Tentu tidak adil membandingkan buku agama picisan kelas dua dengan sampul norak berjudul dangkal semacam Udah Putusin Aja dengan buku Al Rashafāt. Keduanya bahkan menyasak dan merujuk pada pangsa pasar yang sama sekali berbeda. Satu adalah pasar muslim(ah) ahistoris yang labil perihal keimannnya sendiri, sedang yang kedua menyasak manusia-manusia yang gelisah haus akan kebenaran ilahiah. Meski dalam pembelaan saya, keduanya bicara tentang keagamaan, perumusan ideal manusia, tentang relasi manusia dan hubungan vertikal manusia dengan tuhannya. Anda bisa melihat dan membaca bagaimana sebuah agama bisa digunakan dengan serampangan untuk justifikasi moralitas secara banal. Atau di sisi lain, dalam kasus Al Rashafāt, agama adalah sebuah pilar untuk mewujudkan apa itu cinta yang berperikemanusiaan.

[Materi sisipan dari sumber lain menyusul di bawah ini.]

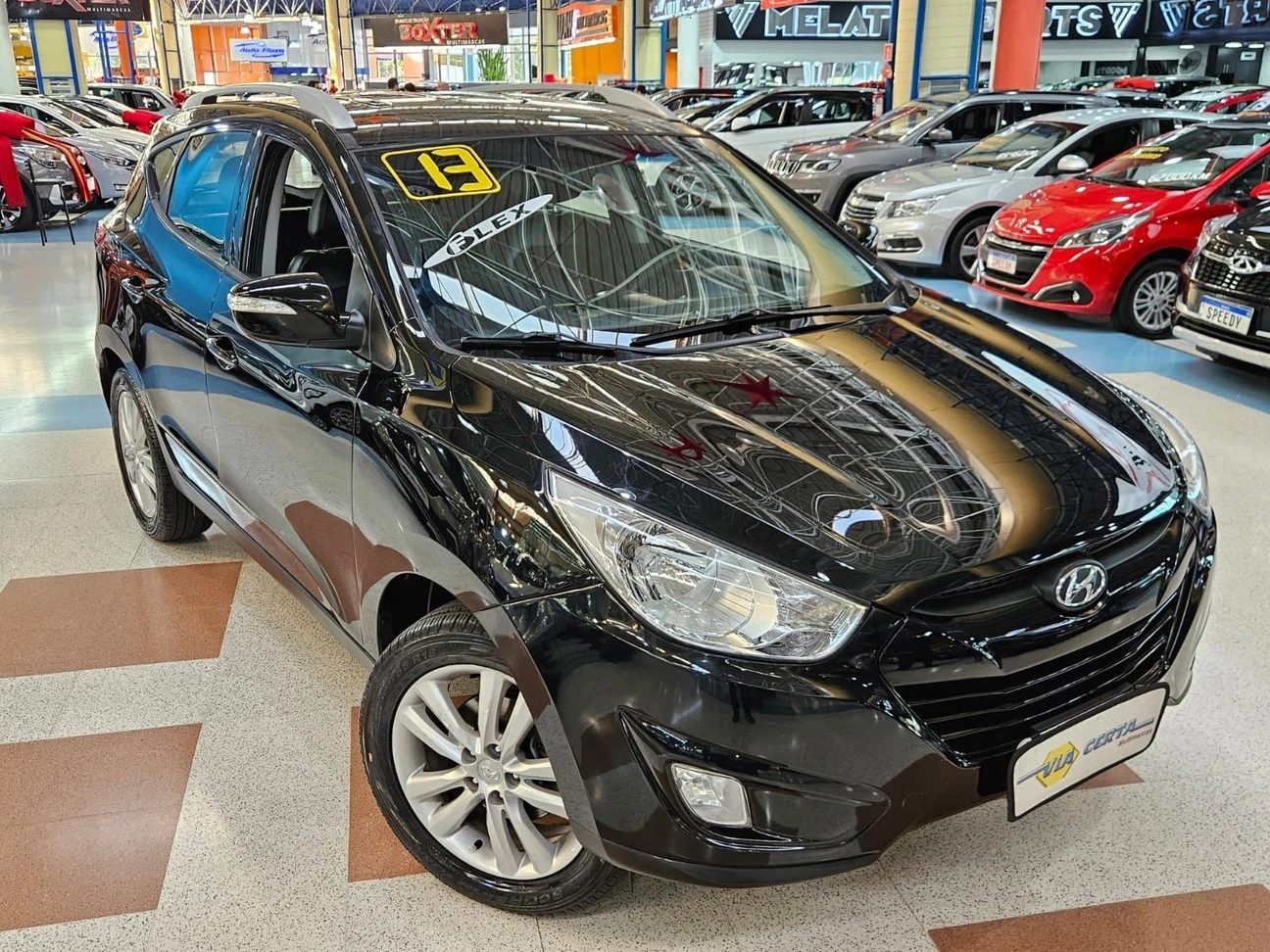 HYUNDAI IX35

Ada empat bagian dalam yang dibedah dalam Al Rashafāthal ini dilakukan agar bisa menjadi lebih fokus untuk memahami sajak-sajak Imam Abd al-Rahman Bilfaqih. Pembagian itu adalah Minuman Cinta para Kekasih, Keadaan para Wali, Kehadiran para wali pada Setiap Masa dan Urgensi Keberadaan Mereka, Kemuliaan Manusia (insan) dan Hakikatnya sebagai Khalifah Yang Maha Pengasih (al Rahman). Pembabakan ini memudahkan kita untuk memahai jenjang-jenjang (keimanan?) usaha mencintai dalam perspektif sufisme dan relasinya dalam ibadah.
Sebagai penutup saya menyarankan anda untuk membaca buku ini. Perlahan, menikmati detik demi detiknya untuk memahami isinya dengan penuh perhatian. Saya tak akan membagi isi buku ini seperti yang biasa saya lakukan dalam review buku lainnya. Khusus untuk buku Fajrie Alatas saya menemukan ektase yang sublim dan personal. Ia, dalam pandangan saya, memberikan perspektif yang lebih kudus tentang sisi lain pecinta yang kasmaran kepada tuhannya. Bagi saya yang seorang mualaf, pecinta ahlul bait dan pendosa. Buku  ini memberikan sebuah peringatan tentang sifat lain Allah yang maha Cinta. Bahwa sabda Wa rahmati ghalabat ‘ala ghadzabi adalah kekal adanya.